Retail Marketing Master Class: From Google to Branding Strategy

At 2016 Summer NAMM, Mike Ross of Sweetwater gave an all-out master class on core marketing fundamentals for music retailers. Ross, vice president of marketing for Sweetwater, is an 11-year veteran of the musical instrument and pro audio retailer.

Here are highlights from the session, titled “Mindful Marketing: From Google to Branding Strategy.” (Watch the video for Ross’ full presentation.)
 

SET A MARKETING GOAL
Ross emphasized the importance of knowing what your marketing goal is and what you want to achieve—for instance, driving more traffic to your brick-and-mortar store or driving more online sales. Ask yourself the following:

What is your value proposition? If you can’t tell someone in an elevator ride what your business stands for, you’ll waste marketing funds.

What makes your customer your customer? Ross stated that this is the No. 1 failure of nearly every company—not knowing its unique customer.

Customer loyalty. Once you become loyal to a brand, you stay a fan. Price becomes secondary because you will do business based on loyalty.
 

POSITION YOUR STORE
Ross gave examples of positioning from consumer companies, such as 7Up, famous for being “The Un-cola.” Positioning is your company’s primary message (and can also be your store’s tag line). When you think of any brand, you also think of what they stand for and are synonymous with. That’s positioning.

How do you define your positioning? What can you tell someone in 2 minutes or less that establishes your position from the retailer down the street? “We’re the music store in town that ­­­(fill in the blank).” Identify it, and your marketing will improve. Then, begin to beat that position to death.
 

ESTABLISH YOUR BRAND
“It’s your personal reputation as a business,” Ross said of your brand. “It’s the impression you leave with a customer.” Here are questions to ask to help establish your brand:

Who are your current customers today? “You can’t afford to market as if everyone is your customer,” Ross said.

What customers do you want to have? This is a key question. You’ll sell your service accordingly.

Who are your competitors, and what is their brand position? Answer this question to help define your own position.

What problems does your business solve? What opportunities can you create? This can be as simple as playing an instrument.

What is your value proposition? Is it distinctive? Is it relevant? If your product and services aren’t relevant, there’s no point to being in business.
 

UPGRADE YOUR WEBSITE
Your website is a valuable part of your brand and can’t be ignored. “Invest in your website and go all in at a level that makes sense for you if you want it to do more for you,” Ross said.

Responsive design. Optimizing your website for mobile is a train you need to get on now, according to Ross, because approximately 40 percent of retail traffic and transactions are taking place on smartphones.

Put your basic information up front. It’s frustrating for the customer when you don’t, and loyalty decreases.

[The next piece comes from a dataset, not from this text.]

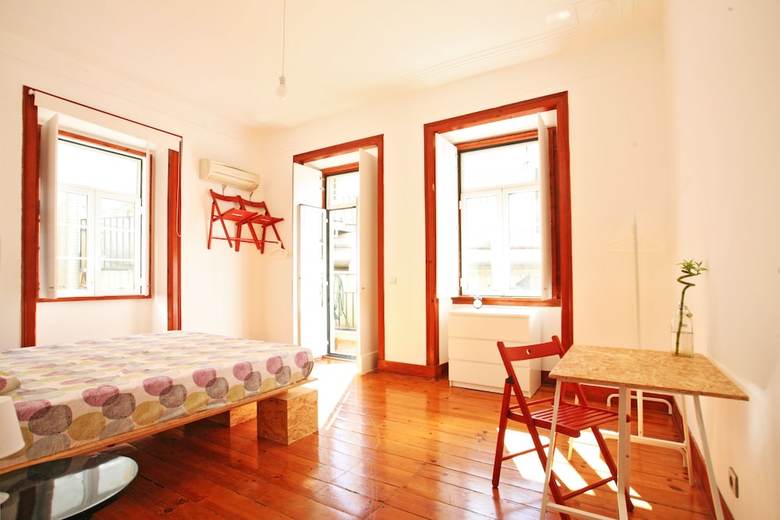 Liv'in Lisbon Hostel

Content. If you’re not willing to create unique content on a regular basis, you’ve lost the race before it’s even begun. Take advantage of every opportunity to create content, and commit yourself to it.

Domain authority. This is earned by Google by having content that customers engage with and isn’t a copy of someone else’s content.

Written copy versus video. Do them both.

Inspire return visits. When you build your website, make sure it’s easy to automatically feature new, exciting and unique product toward the front.

Lower your barriers to selling. Do this on your website and in your store. What are you doing to make it easier for your customer? Provide payment options. How convenient is checkout at your store?

Add value. Pricing is not added value. Loyalty isn’t driven by price.

• Free shipping is no longer added value. If you’re not offering free shipping, you’re not competing.

• Processing and shipping the same day. Product that’s sitting on the shelf isn’t turning inventory in a way that’s profitable for you.

Leverage customer behavior. Data starts with collecting it. Offer things that people want, and trade for customer information. Capture information when a customer will allow it.

Invest in security. Hacks are no longer something that happens to someone else. Customers won’t stay loyal to you if your website isn’t secure.

Invest in speed. We live in an attention-challenged society. You’ll lose people if they have to wait.

Paid SEO. Search engine optimization can be expensive. When it’s appropriate, you have to do it. Use Google Analytics, and understand your website’s traffic sources. Also, use Google Keyword Planner and Keywords Tools to include keywords that work.

Optimize for Google Local. Help your customers find you by including your physical address and completing a GooglePlus profile. Google Local Guides is becoming more important.

Amazon? eBay? According to Ross, if you can’t beat ’em, join ’em. It’s the cost of doing business.

Google, copyrights and content. Google knows when you’re gaming the system. Unique content wins, and copying content is shooting yourself in the foot.
 

TAKE PRINT SERIOUSLY
Why should you spend money on print in a digital world? Because we still want the tactile satisfaction of print. “I’m more comfortable with the brand I see at the party, than what I don’t see,” Ross said.

Set yourself apart from other retailers through mindful marketing, and watch your business grow.